/operationalizing-an-aws-ml-pipeline

A deployment project of an ML pipeline using AWS EC2 and AWS Lambda

Primary LanguageJupyter Notebook

Operationalizing an AWS ML Project

In this project, we'll start with a completed ML project. Our goal in this project will be to use several important tools and features of AWS to adjust, improve, configure, and prepare the model we started with for production-grade deployment.

Note: This repository relates to AWS Machine Learning Engineer nanodegree provided by Udacity.

Taking raw ML code and preparing it for production deployment is a common task for ML engineers, and it's very important for the following reasons:

  1. ML code alone isn't sufficient for most business scenarios.

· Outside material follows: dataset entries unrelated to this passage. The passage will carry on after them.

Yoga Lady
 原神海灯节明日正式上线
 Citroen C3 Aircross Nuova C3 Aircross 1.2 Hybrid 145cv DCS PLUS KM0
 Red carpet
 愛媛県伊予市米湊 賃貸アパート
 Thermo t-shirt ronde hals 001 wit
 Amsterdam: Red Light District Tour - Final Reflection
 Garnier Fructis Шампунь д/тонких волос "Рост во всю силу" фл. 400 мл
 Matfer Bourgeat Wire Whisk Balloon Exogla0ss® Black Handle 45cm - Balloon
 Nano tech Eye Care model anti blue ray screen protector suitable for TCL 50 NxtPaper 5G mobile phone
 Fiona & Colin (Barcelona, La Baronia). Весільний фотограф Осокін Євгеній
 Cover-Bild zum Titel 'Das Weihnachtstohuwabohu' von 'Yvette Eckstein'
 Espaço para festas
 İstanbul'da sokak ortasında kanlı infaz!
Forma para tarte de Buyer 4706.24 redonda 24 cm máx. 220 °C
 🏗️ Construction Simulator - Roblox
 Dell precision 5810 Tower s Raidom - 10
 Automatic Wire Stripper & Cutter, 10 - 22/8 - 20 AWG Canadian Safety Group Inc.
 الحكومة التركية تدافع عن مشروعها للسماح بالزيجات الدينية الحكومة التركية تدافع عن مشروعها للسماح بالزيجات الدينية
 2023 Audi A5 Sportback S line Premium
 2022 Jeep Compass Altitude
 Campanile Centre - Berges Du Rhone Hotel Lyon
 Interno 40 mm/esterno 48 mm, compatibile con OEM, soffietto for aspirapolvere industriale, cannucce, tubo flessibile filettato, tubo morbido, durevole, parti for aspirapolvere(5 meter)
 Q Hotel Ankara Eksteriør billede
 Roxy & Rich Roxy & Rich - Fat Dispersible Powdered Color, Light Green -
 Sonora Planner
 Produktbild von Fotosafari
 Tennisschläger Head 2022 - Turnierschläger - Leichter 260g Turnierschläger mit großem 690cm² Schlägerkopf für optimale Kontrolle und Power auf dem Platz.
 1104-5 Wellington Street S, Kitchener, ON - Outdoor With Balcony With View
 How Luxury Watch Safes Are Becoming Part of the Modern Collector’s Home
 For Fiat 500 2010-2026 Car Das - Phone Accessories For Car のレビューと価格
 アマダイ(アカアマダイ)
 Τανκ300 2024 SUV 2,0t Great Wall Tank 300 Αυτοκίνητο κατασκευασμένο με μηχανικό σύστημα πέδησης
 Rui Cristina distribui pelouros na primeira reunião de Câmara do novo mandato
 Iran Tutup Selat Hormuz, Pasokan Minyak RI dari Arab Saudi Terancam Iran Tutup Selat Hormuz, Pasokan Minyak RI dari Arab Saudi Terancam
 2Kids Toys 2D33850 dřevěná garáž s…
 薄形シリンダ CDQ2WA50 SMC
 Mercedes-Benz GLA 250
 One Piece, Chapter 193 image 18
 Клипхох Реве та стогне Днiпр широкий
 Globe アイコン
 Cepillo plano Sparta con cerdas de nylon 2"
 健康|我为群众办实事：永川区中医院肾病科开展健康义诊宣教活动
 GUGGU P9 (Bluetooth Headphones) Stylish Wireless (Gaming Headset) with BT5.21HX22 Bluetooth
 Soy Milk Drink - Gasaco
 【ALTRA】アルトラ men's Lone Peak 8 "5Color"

Real business situations require ML code to integrate with other infrastructures, like API's, applications, or other websites that require ML code to be correctly configured.
  2. If ML code is deployed in a way that's not optimal, it can lead to cost overruns or bad performance.
  3. When ML code is moved to production deployment, security is always a concern, since poor security can lead to data leaks or performance issues.

Project Summary

  1. Train and deploy a model on Sagemaker, using the most appropriate instances. Set up multi-instance training in our Sagemaker notebook.
  2. Adjust our Sagemaker notebooks to perform training and deployment on EC2.
  3. Set up a Lambda function for your deployed model. Set up auto-scaling for our deployed endpoint as well as concurrency for our Lambda function.
  4. Ensure that the security on our ML pipeline is set up properly.

Initial setup

First, we create and open a Sagemaker instance from Notebooks > Instances section of AWS SageMaker. After creating the instance, it's running as shown below:

notebook_instance_setup

Due to this link, the ml.t3.medium is a suitable option to choose the notebook instance type: fast launch, CPU-intensive, and offering a balance of compute, memory, and network resources. For training, I chose the ml.m5.xlarge instance type due to its acceptable time processing and resource consumption.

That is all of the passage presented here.